▶ Exercise description
A stretch of the entries below is to be set down exactly, running from the line with "Ranking the WORST" through the line with "Auch sportliche Alus sind im Programm", both included, and no other line.

▶ Data shown
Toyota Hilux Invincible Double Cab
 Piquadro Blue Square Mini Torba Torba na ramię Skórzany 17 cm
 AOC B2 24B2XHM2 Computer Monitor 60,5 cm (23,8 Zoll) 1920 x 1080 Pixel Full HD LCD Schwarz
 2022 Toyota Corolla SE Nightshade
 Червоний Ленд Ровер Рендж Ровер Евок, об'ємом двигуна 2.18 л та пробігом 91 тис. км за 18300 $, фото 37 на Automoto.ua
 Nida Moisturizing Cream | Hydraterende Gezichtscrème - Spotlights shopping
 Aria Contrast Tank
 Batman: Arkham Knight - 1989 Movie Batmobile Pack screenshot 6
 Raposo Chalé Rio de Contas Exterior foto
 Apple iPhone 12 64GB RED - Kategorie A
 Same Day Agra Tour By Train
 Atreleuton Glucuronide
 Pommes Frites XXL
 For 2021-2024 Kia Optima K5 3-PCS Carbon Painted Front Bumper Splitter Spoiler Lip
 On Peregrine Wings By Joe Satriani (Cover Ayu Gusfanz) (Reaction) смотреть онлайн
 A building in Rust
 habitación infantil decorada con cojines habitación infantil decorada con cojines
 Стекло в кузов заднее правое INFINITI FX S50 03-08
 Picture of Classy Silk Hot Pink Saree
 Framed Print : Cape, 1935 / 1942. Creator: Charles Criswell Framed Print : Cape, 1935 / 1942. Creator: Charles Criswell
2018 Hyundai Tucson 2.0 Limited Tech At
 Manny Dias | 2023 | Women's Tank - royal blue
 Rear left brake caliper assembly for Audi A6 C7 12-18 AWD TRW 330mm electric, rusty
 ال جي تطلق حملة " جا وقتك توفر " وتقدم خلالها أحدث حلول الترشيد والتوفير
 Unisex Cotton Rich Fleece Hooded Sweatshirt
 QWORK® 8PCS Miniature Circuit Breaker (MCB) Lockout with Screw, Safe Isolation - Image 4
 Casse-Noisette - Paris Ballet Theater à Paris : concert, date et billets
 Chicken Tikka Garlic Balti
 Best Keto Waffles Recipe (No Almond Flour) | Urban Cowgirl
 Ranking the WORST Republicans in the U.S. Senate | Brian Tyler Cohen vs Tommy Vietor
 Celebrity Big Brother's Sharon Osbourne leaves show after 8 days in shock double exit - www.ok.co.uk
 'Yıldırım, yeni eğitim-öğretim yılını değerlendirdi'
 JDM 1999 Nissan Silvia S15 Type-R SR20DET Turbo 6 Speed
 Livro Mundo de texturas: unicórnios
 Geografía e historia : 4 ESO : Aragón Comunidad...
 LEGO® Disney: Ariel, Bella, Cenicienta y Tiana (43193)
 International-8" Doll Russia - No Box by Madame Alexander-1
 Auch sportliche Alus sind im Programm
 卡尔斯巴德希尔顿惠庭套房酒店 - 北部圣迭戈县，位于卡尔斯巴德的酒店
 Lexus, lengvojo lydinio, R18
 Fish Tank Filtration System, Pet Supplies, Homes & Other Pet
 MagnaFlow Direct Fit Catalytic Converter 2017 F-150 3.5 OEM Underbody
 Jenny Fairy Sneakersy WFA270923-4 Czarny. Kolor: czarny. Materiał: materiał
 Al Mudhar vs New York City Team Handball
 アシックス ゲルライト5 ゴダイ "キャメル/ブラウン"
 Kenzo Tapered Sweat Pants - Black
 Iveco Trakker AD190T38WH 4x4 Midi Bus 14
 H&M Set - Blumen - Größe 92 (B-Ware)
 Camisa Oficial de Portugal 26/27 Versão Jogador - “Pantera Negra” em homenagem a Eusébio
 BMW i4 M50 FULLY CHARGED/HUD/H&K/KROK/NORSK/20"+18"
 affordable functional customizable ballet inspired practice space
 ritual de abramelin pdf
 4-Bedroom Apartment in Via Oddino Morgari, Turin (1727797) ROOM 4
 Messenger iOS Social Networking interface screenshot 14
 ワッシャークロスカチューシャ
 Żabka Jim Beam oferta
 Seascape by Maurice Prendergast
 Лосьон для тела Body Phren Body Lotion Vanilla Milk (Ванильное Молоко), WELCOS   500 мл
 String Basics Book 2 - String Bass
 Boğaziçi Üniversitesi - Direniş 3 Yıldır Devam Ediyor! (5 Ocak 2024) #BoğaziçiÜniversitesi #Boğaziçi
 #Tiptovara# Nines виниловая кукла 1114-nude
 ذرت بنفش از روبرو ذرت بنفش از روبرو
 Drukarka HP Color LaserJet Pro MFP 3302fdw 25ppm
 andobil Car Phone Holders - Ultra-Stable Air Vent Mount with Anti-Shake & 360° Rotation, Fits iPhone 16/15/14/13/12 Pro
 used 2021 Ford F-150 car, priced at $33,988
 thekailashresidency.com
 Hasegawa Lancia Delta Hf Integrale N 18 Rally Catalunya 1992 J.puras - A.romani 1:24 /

▶ Output below
 Ranking the WORST Republicans in the U.S. Senate | Brian Tyler Cohen vs Tommy Vietor
 Celebrity Big Brother's Sharon Osbourne leaves show after 8 days in shock double exit - www.ok.co.uk
 'Yıldırım, yeni eğitim-öğretim yılını değerlendirdi'
 JDM 1999 Nissan Silvia S15 Type-R SR20DET Turbo 6 Speed
 Livro Mundo de texturas: unicórnios
 Geografía e historia : 4 ESO : Aragón Comunidad...
 LEGO® Disney: Ariel, Bella, Cenicienta y Tiana (43193)
 International-8" Doll Russia - No Box by Madame Alexander-1
 Auch sportliche Alus sind im Programm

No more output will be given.